Today’s Tip is a simple one … in genealogy there are some things we must never forget and we must always accept.
If you saw my posts three days ago, you know that January 27th is International Holocaust Remembrance Day. A day and a horrific event that we must never forget, especially as genealogists.
As genealogists and family historians we are most likely more aware of the differences that permeate our families. Most families are far from ‘pure’ anything. We may go back a long, long way in lots of places — for instance my Phillips family was in Cornwall from at least the 1536 to 1912, with Cornishmen marrying Cornishwomen. But then … my Gramps emigrated, my Nana emigrated and when my Dad got married, he married a nice Bohemian girl!
My wife’s family was 100% Italian … until I came along!

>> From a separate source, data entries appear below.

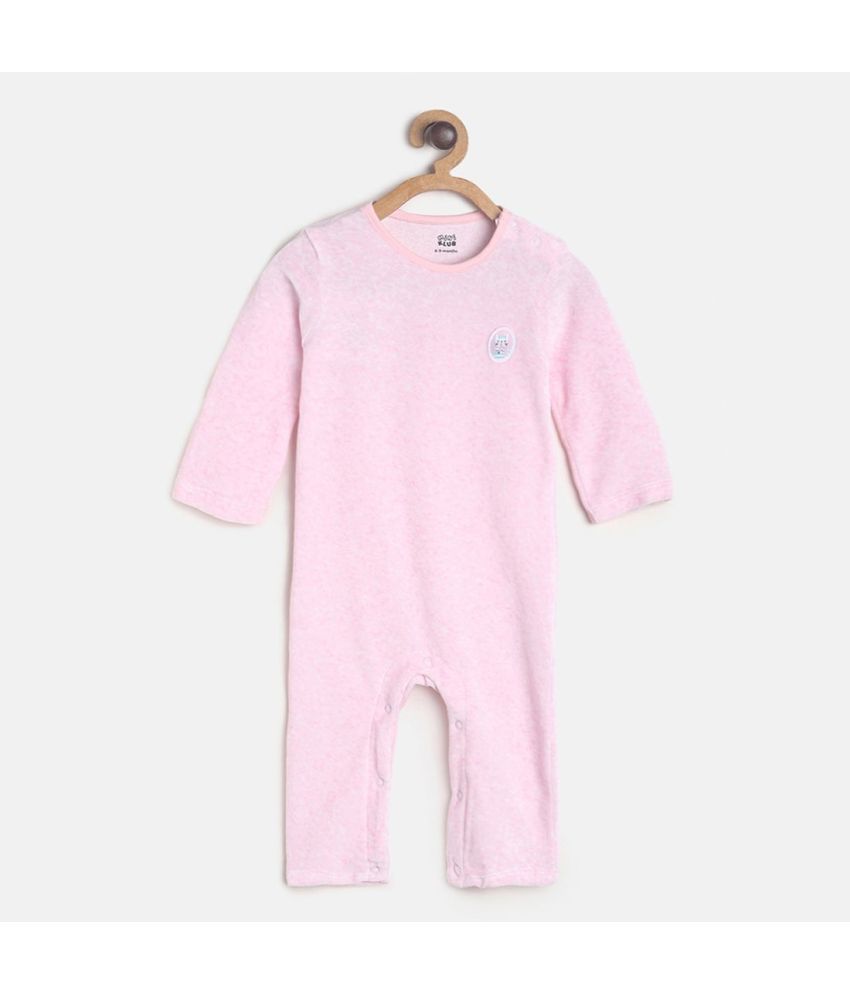     			MINI KLUB - Pink Cotton Blend Rompers For Unisex ( Pack of 1 )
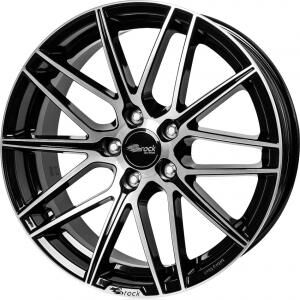 Brock B34 Black Full Polish 8x18 5x100 ET38 B63.4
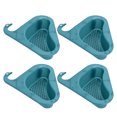 thumbnail image 1 of Triangular Sink Strainer Basket, Multifunctional Drain Basket Thickened All Round Hollow Hanging 4pcs  For  For Fruit Light Blue, 1 of 8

So the incredible horror of the holocaust … of one group of people deciding that other groups of people needed to be eradicated from the Earth should be even more horrific in our eyes, I believe. The mere fact that these people were Jewish or Gypsies, homosexual, or mix-blooded, or followed different philosophical policies was not any reason to try and exterminate them!
As a person with Bohemian blood in his veins, I also know of the attempted genocide against the Bohemians by the Hapsburgs.
Additionally, I am the son of a Liberator. Consequently, I have heard first hand accounts of the horrors of the holocaust. My father was with the first liberators of Langenstein Concentration Camp. He saw, witnessed, and vomited at the horror of the camps. He was effected by it his whole life. While he rarely spoke of it, he did finally tell his stories one time … because, thank God, he wanted my children to hear what it was like and what it did to him.
So …. never forget the Holocaust. Never forget that none of us are probably pure anything!
Be accepting of others and be ever vigilant!